I Saw Myself in the "Mirror" Today...
I went to the gym this morning, which in and of itself is an
accomplishment because I woke up in a pissy mood, and certainly didn’t want
to. But I went. I need to exercise this shoulder so I don’t
tighten up, and I need to move to keep my brain from tightening up, so I went.
But the whole time I was there…..I fought HARD not to
cry. Not because what I was doing was
so hard, but because I just felt shitty, inside and out. Lifting weights generally makes me feel
better, but today, although my body feels good, when I was driving home, I was
literally sobbing. Not the kind of
endorphine rush I was going for.
See, as I was doing my workout, and listening to my music, I
was just sort of noticing what was going on around me. And I saw a woman, a woman I don’ t know,
having a conversation with her trainer.
And even though I couldn’t hear her (nor would I presume to try….that’s
rude) I knew EXACTLY what she was saying.
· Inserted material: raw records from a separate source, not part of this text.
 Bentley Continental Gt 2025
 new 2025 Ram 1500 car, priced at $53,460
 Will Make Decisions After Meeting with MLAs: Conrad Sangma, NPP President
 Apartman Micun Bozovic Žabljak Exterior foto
I knew, because I could read it on her.
She hadn’t followed her “plan” and she “knew better” and she just in
general was giving off the “I’ve failed again” vibe. I’m very familiar with it, because I do it
all the time. I didn’t study her long,
because I didn’t’ want to be rude or nosey, but as I moved on, I saw another
woman walking on the treadmill. And every few minutes she would look around
the entire gym with what I can only call a timid look on her face. I know that one too….”don’t look at me. I’m ashamed of what I look like. I wish I was invisible.” And I just got sad.
As I noticed all these women, I simply wanted to go up to
them and say, “You are NOT alone. I
know EXACTLY how you feel, and although we all get to where we are on different
paths, the landing spot of self hate is often very similar. And you aren’t failing at ANYTHING, and I am
GLAD you aren’t invisible Give yourself
a break, and forgive yourself. And
then….LIGHTBULB….I realized this is what I needed to say to myself.
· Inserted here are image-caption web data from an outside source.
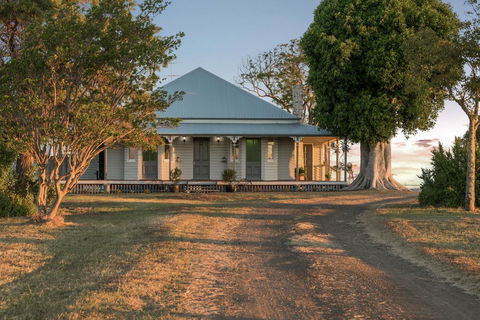 Mountview Homestead Near Toowoomba - Surfers Gold Coast 0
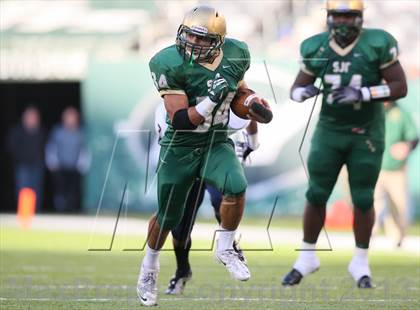 Thumbnail 1 in St. Joseph Regional vs. Pope John XXIII (NJSIAA Non Public, Group 3 Final)  photogallery.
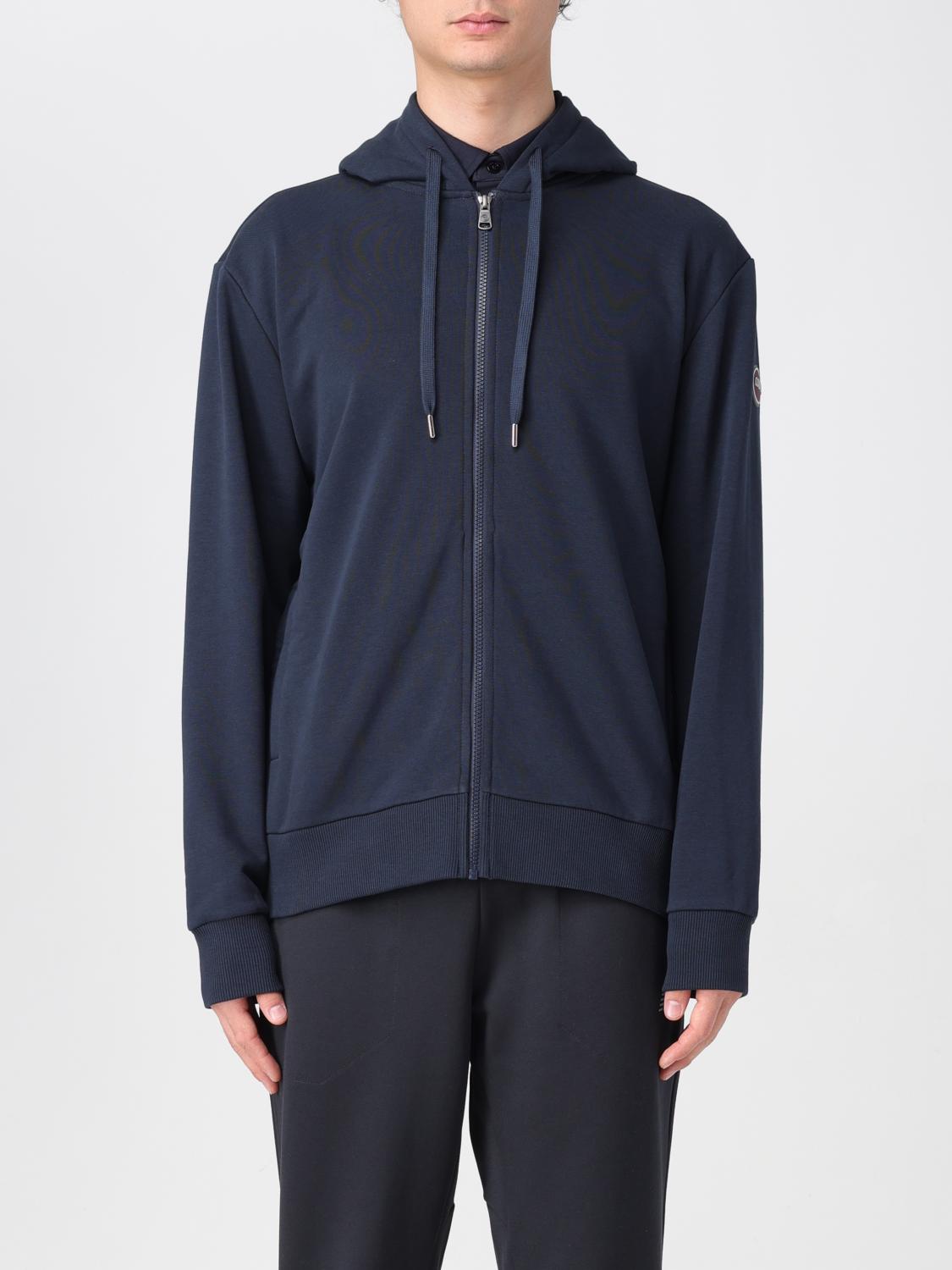 COLMAR SWEATSHIRT: Pull homme Colmar, Bleu - Img 1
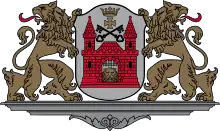 Coat of arms of Riga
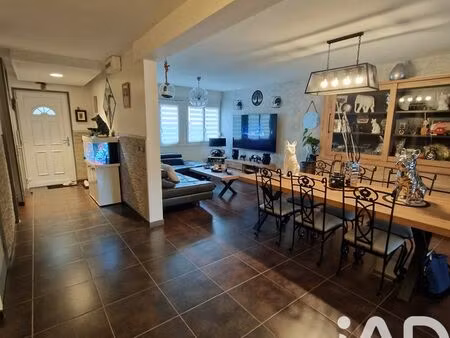 maison 5 pièces 110 m²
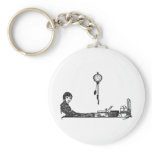 Faust 163 keychain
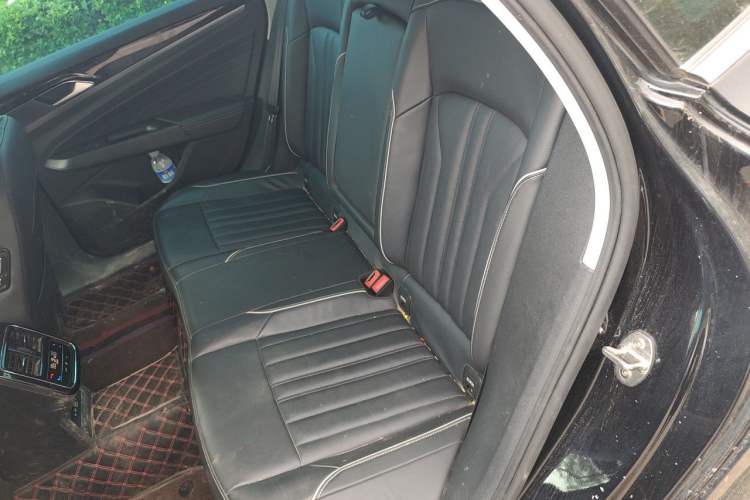 Used Volkswagen Passat 2023 330TSI Starry Elite Edition Left Rear Seat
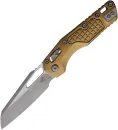Microtech Knives MSI Ram-Lok Apoc Tan Alu Pattern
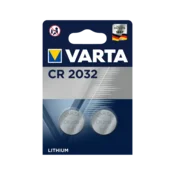 Bateria Varta Baterija CR2032, 3V, 2 kosa v pakiranju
Why can’t we give ourselves a break? At some point I convinced myself that I had
to do it all and do it all well, or I wasn’t living. But I forgot one key component here….I am
HUMAN. And being human means that some
days will be better than others and some days I am just going to want a cookie
to get through it, or to lay in bed and watch tv, or to read, or WHATEVER I need
to do to cope, and that’s OKAY. As
humans we encounter hurt and discouragement, and sometimes when we can’t deal
with it, we need to give ourselves a break from reality. AND THAT IS OKAY! As long as you find the place to pick
yourself up and move on when you are ready.
And right now, I am ready.
Seeing myself literally reflected back in those other women, has shown
me that I am ready to let this go.
I have been in a sad place for a bit, and it’s time to
choose something else. I am not
invisible. I am not a failure. I do the best I can with what I have. And today….I am CHOOSING to change my
outlook. And all because I went to the
gym and saw myself.
Every day I have a choice to make when I wake up. Today I just needed a little help from the
universe to get to the right one.
This message of intent this morning at yoga: Honor yourself where you are right this very moment. You are good enough, perfect even, right now. It's time to start a revolution, for all women to really believe this. Good on you for being a trailblazer.